■ **Problem statement**
Make an exact copy of each entry, leaving out every picture.

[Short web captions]
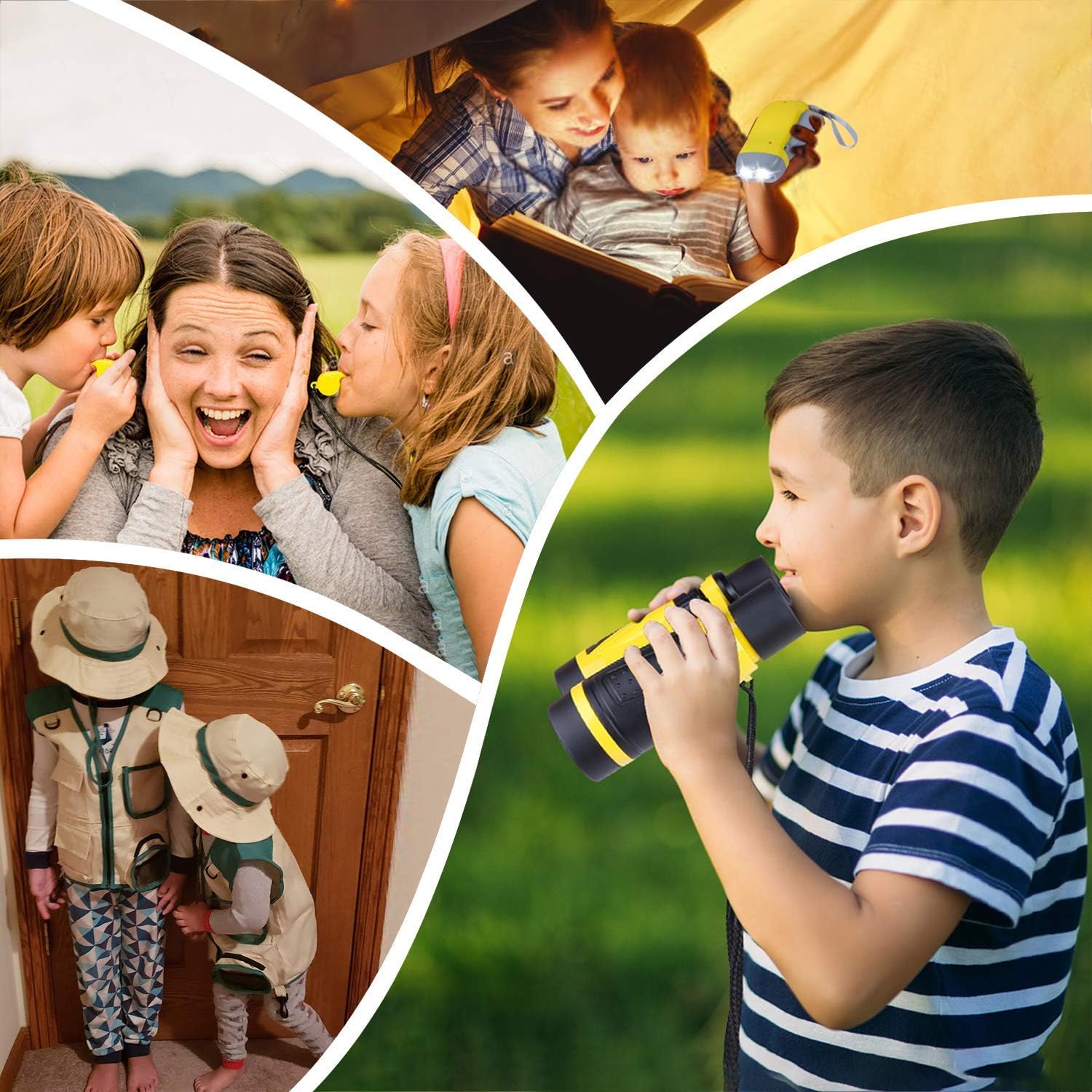 INNOCHEER Explorer Kit & Bug Catcher Kit for Kids Outdoor Exploration with Vest, Binocular, Magnifying Glass, Hand-Crank Flashlight, Whistle, Bug Collector, Bag for Boys Girls: Toys & Games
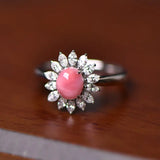 Queen Conch Pearl & Marquise White Diamond 18k Solid White Gold Ring (Customize), Strombus Gigas, Flamed Pink Pearls, Engagement ring Etsy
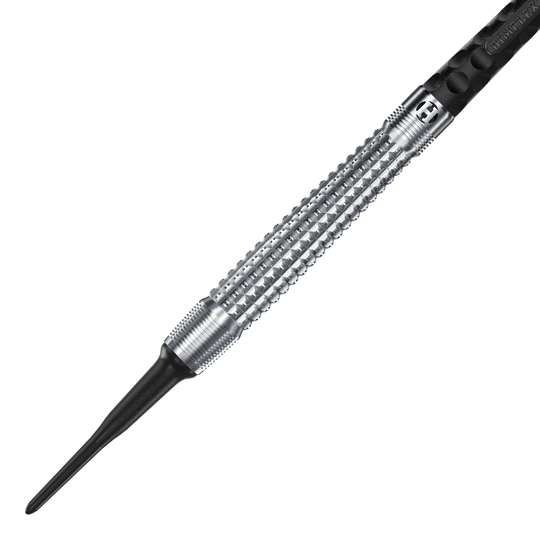 Fléchettes souples coniques Harrows Dimplex S3 Das Bild zeigt einen Harrows Dimplex S3 Tapered Softdart. Der Dartpfeil hat eine silberne, geriffelte Metallspitze und einen schwarzen Schaft.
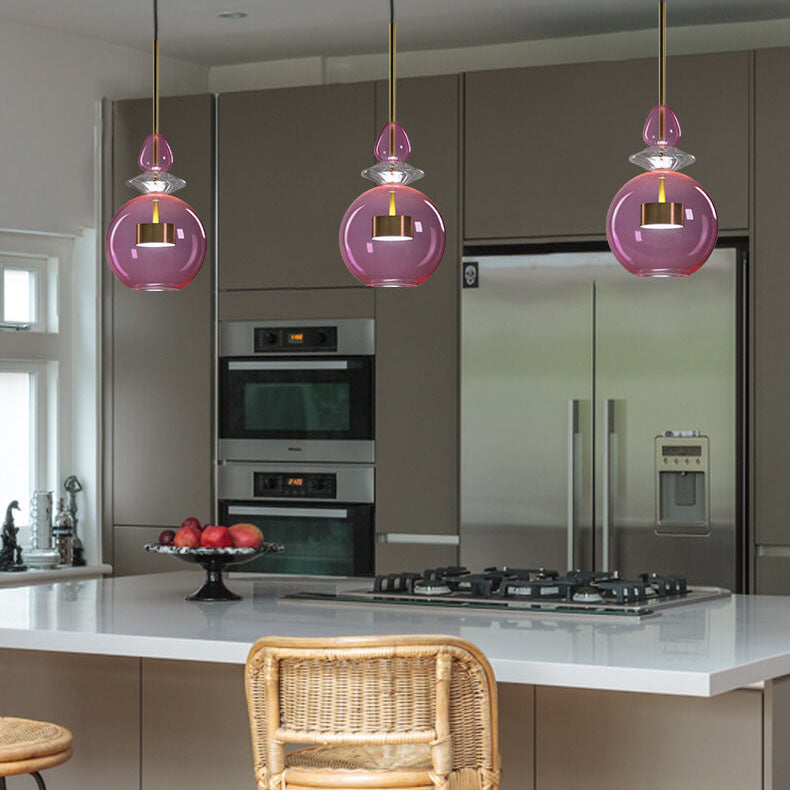 Nordic Colorful Candy Cane Glass 1-light LED Pendant Light BulbSquare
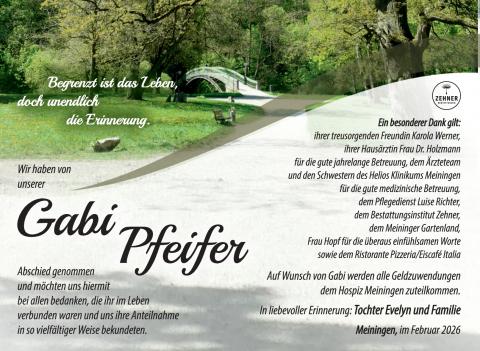 Danksagung Gabi Pfeifer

■ **Solution for this exercise**
 INNOCHEER Explorer Kit & Bug Catcher Kit for Kids Outdoor Exploration with Vest, Binocular, Magnifying Glass, Hand-Crank Flashlight, Whistle, Bug Collector, Bag for Boys Girls: Toys & Games
 Queen Conch Pearl & Marquise White Diamond 18k Solid White Gold Ring (Customize), Strombus Gigas, Flamed Pink Pearls, Engagement ring Etsy
 Fléchettes souples coniques Harrows Dimplex S3 Das Bild zeigt einen Harrows Dimplex S3 Tapered Softdart. Der Dartpfeil hat eine silberne, geriffelte Metallspitze und einen schwarzen Schaft.
 Nordic Colorful Candy Cane Glass 1-light LED Pendant Light BulbSquare
 Danksagung Gabi Pfeifer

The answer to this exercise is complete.